What this task involves
Could you restate word for word only the lines below from the one holding "20252026Adaptive" to the one holding "Sample Giorgio Armani Si EDP 10ml", inclusive, and leave out the pictures?

Available data
━━━━━━━━

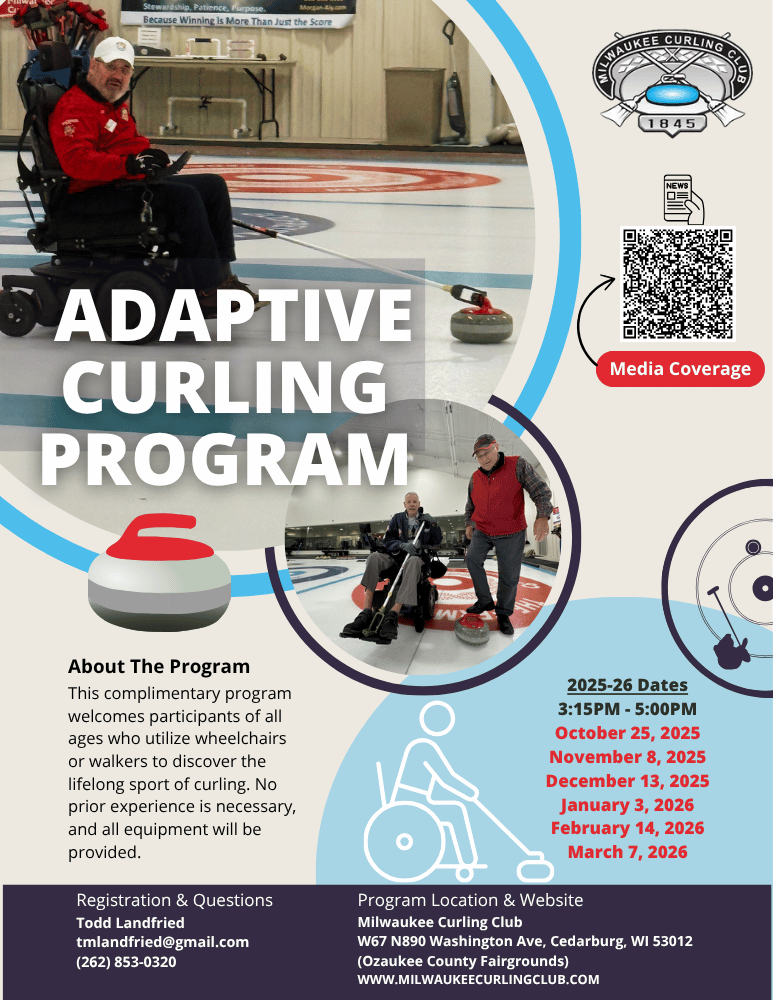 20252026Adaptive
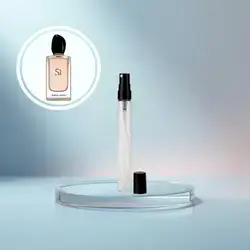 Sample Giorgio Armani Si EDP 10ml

━━━━━━━━

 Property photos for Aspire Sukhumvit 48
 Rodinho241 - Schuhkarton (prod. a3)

━━━━━━━━

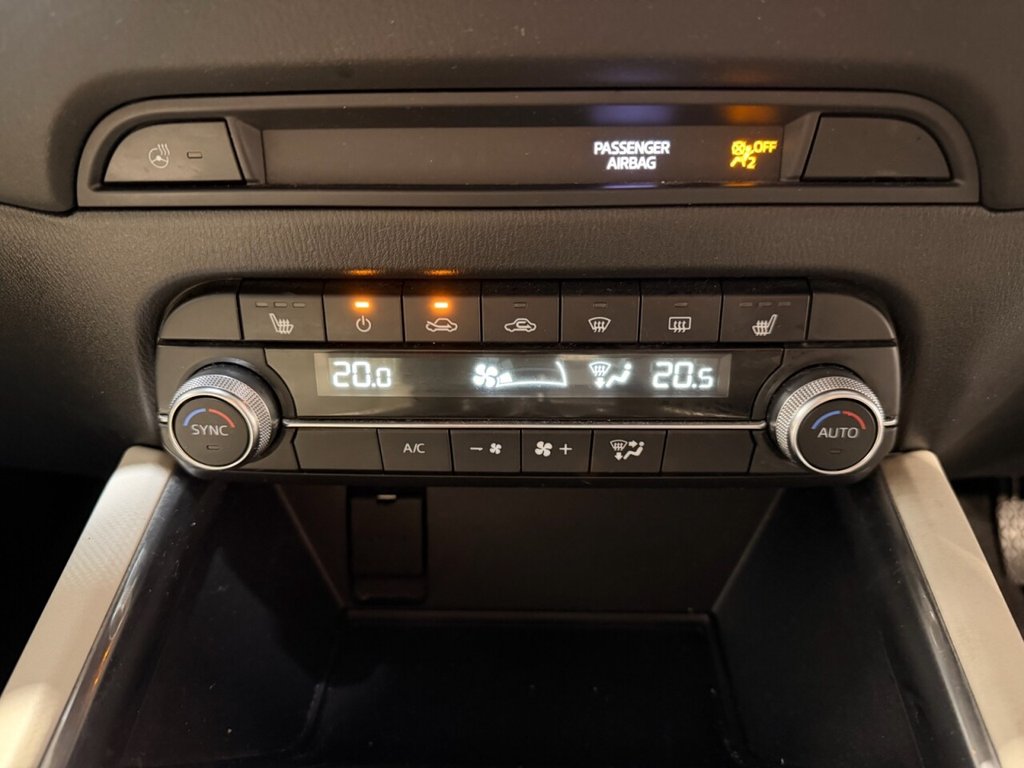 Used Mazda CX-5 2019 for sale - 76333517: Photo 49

━━━━━━━━

Task solution
 20252026Adaptive
 Sample Giorgio Armani Si EDP 10ml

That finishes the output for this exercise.